● **Data**
==*==
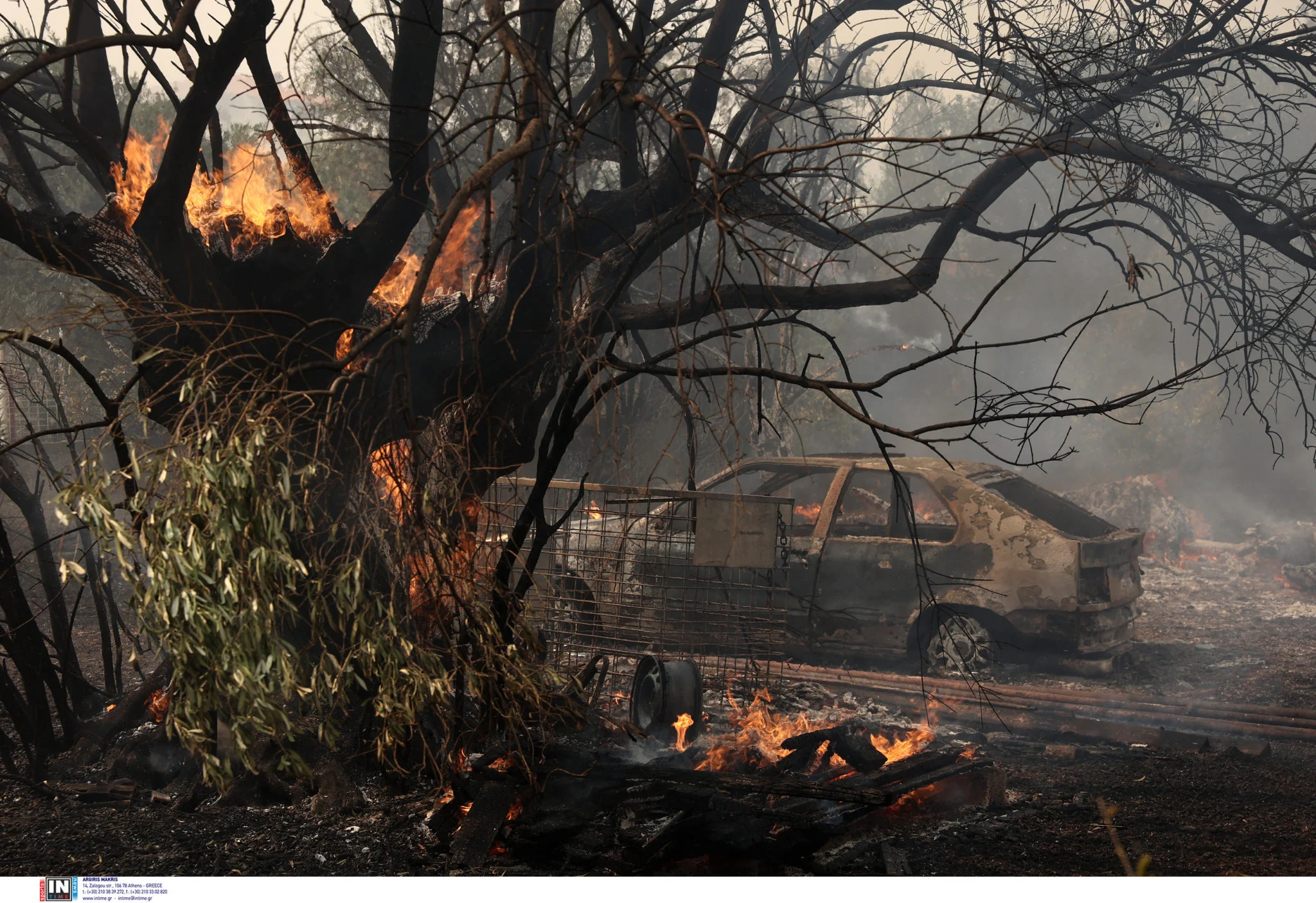 «Μεγάλη» νύχτα η αποψινή σε Μάνδρα, Λουτράκι και Ρόδο: Μαίνονται οι φωτιές, μάχη να σωθούν οικισμοί ΦΩΤΟ - ΒΙΝΤΕΟ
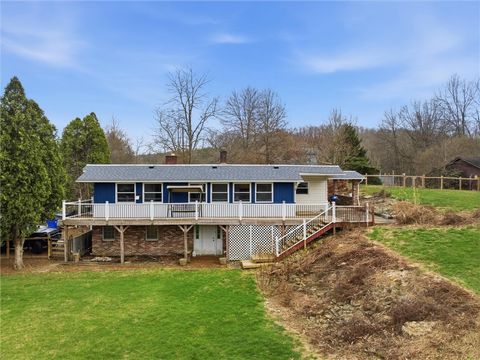 Photo of 438 Lindsay Rd, Zelienople, PA 16063 (MLS # 1745195)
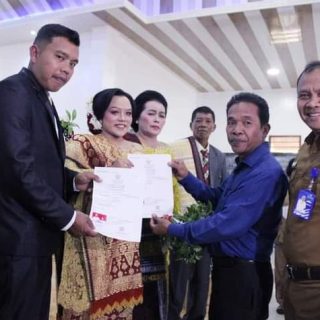 Sepasang Pengantin Baru Jemaat GKPI Lae Pinang Terima Akta Perkawinan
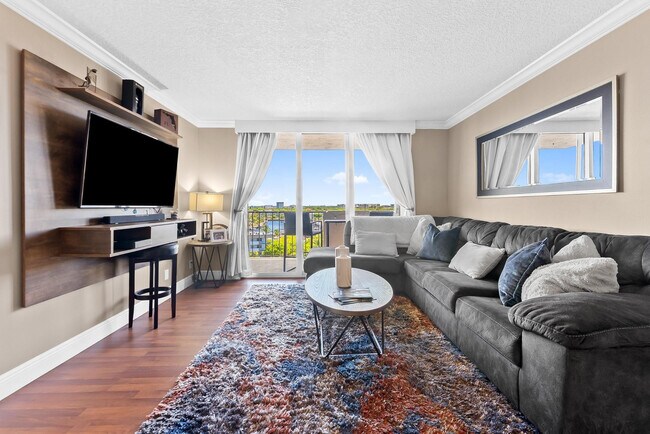 Photo - 777 S Federal Hwy Unit 910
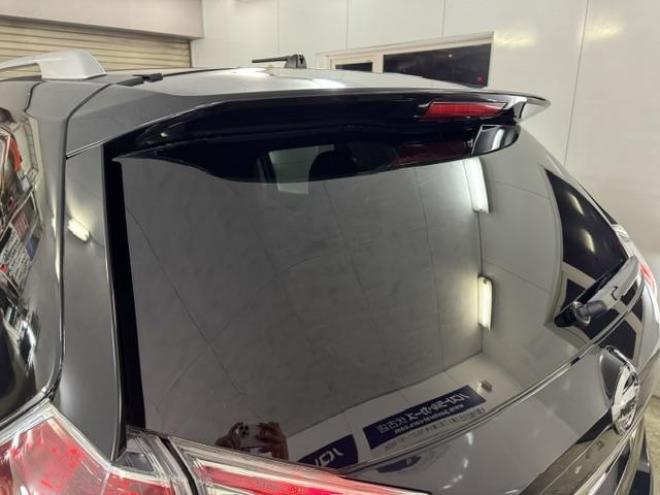 エクストレイル２０Ｘｔ　エマージェンシーブレーキＰＫＧ　本州仕入　禁煙車　寒冷地仕様　パノラミックガラスルーフ　パワーバックドア　全方位アラウンドビューモニター　純正１７インチＡＷ　純正ナビ　フルセグ地デジ　Ｂｌｕｅｔｏｏｔｈ対応　純正ルーフレール　ＥＴＣ 4WD 2000 5Dr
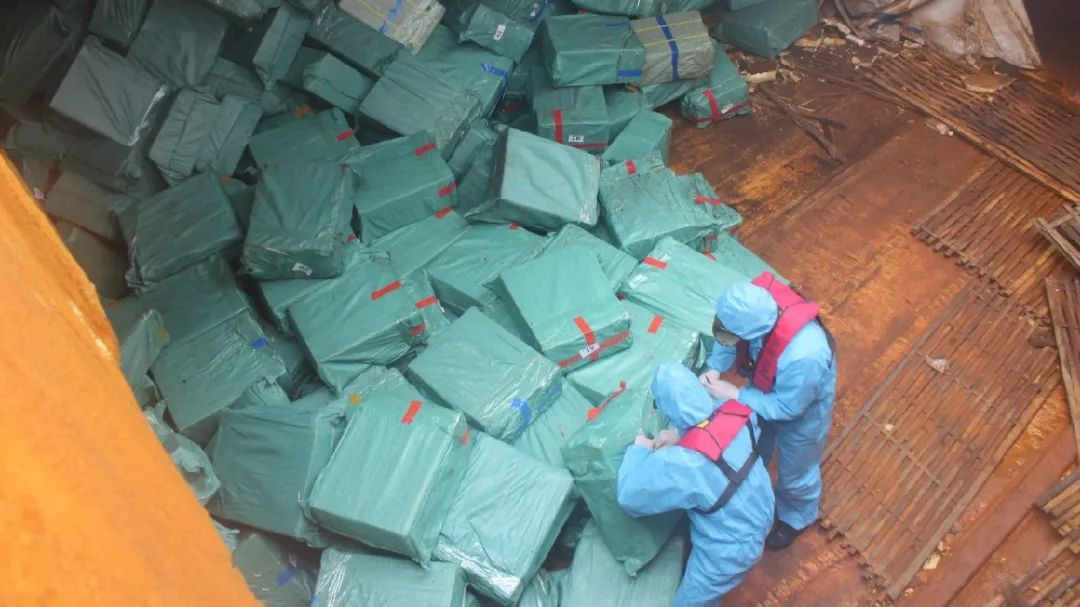 ▲海警执法员对货物进行检查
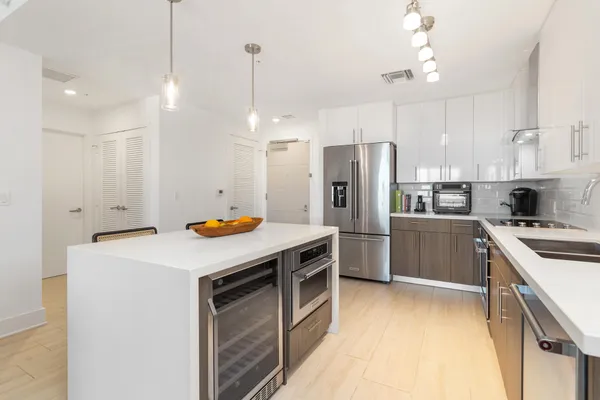 $6,850 | 236 Southeast 5th Avenue, Unit 301, Delray Beach, FL 33483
==*==
● **How to complete this task**
Set down the data above exactly as written. Omit the pictures.

● **Result**
 «Μεγάλη» νύχτα η αποψινή σε Μάνδρα, Λουτράκι και Ρόδο: Μαίνονται οι φωτιές, μάχη να σωθούν οικισμοί ΦΩΤΟ - ΒΙΝΤΕΟ
 Photo of 438 Lindsay Rd, Zelienople, PA 16063 (MLS # 1745195)
 Sepasang Pengantin Baru Jemaat GKPI Lae Pinang Terima Akta Perkawinan
 Photo - 777 S Federal Hwy Unit 910
 エクストレイル２０Ｘｔ　エマージェンシーブレーキＰＫＧ　本州仕入　禁煙車　寒冷地仕様　パノラミックガラスルーフ　パワーバックドア　全方位アラウンドビューモニター　純正１７インチＡＷ　純正ナビ　フルセグ地デジ　Ｂｌｕｅｔｏｏｔｈ対応　純正ルーフレール　ＥＴＣ 4WD 2000 5Dr
 ▲海警执法员对货物进行检查
 $6,850 | 236 Southeast 5th Avenue, Unit 301, Delray Beach, FL 33483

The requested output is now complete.